What questions do civilians most commonly ask of you?

26 Responses

  1. I don’t care for scrambled eggs at all, prefer hot tubs to streams, and cross my fingers when I’m on the highway.

    Haven’t seen enough money to know what it is.

    Most civilians ask me when they can buy my book. I should probably hug them for their optimism, but I generally want to strangle them instead.

  2. Are you still working on that? When can I read it? Do you think I could write a book? I do. How hard could it be? Is it about you or did you make it up?

    Till the day I die I’ll be working on a book you will never be able to read that is all about you and I made it all up. So sue me.

  3. Oh, you’re writing a memoir? I’m going to write one, too, as soon as I have the time. How did you get your agent? Will you introduce me? Will you read my book, once I start writing? Can you recommend a good ghostwriter (actually, they rarely know the word, but you get the idea)?

    • What do you say when they ask for an introduction to your agent?

      I finally decided to give -anyone- an introduction to my agent. I hated wasting time trying to gently refuse the request, then realized it’s my agent’s job to wade through crap, anyway; my job is just to produce it.

      • Sometimes I just say, “No, I don’t do that.” If I’m feeling kind I say “He’s not taking any new clients,” which might have actually been true at one point or another. But I’ve had more than a couple of people use my name without telling me, cheeky monkeys.
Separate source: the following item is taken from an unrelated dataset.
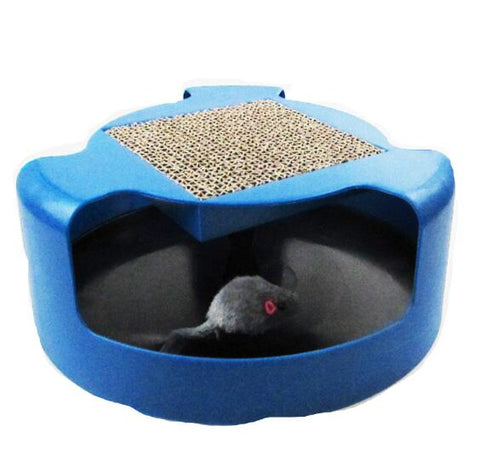 Catch the Mouse Spinning Cat Toy – 360° Rotating Mouse Track with Felt Scratch Pad, No Batteries Needed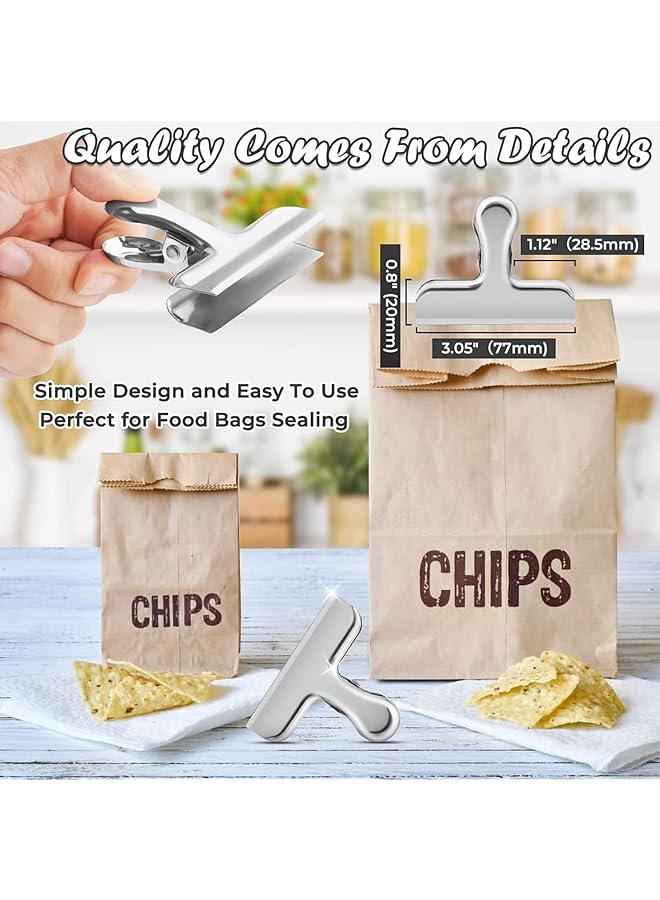 erorex 6 Pcs Chip Clips Stainless Steel Chip Clip Chip Clips Bag Clips Food Clips Bag Clips For Food Office Kitchen Home Usage - Image 2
He would always email me to ask, and after the first couple of times, I said, “Dude, if I didn’t email you specifically about someone (which, btw, I’ve done ONCE in four years), they’re total poseurs.” He’s used to it.

      • If they ask if they can use my name in their query, I say sure. My agent knows that if it’s someone whose work I think she’ll like, I’ll write and tell her about the author. Without that, the query doesn’t carry any more weight than if my name weren’t on it. I don’t say she’s not taking on new clients because she might love the project.

      • I am 100% sure that he is not going to be interested in the memoir of the 22-year-old hairdresser who, like, doesn’t read books or anything, but has had such a “sick, crazy life” that everyone who actually does read would be all over that shit. But that’s sweet. You’re a giver.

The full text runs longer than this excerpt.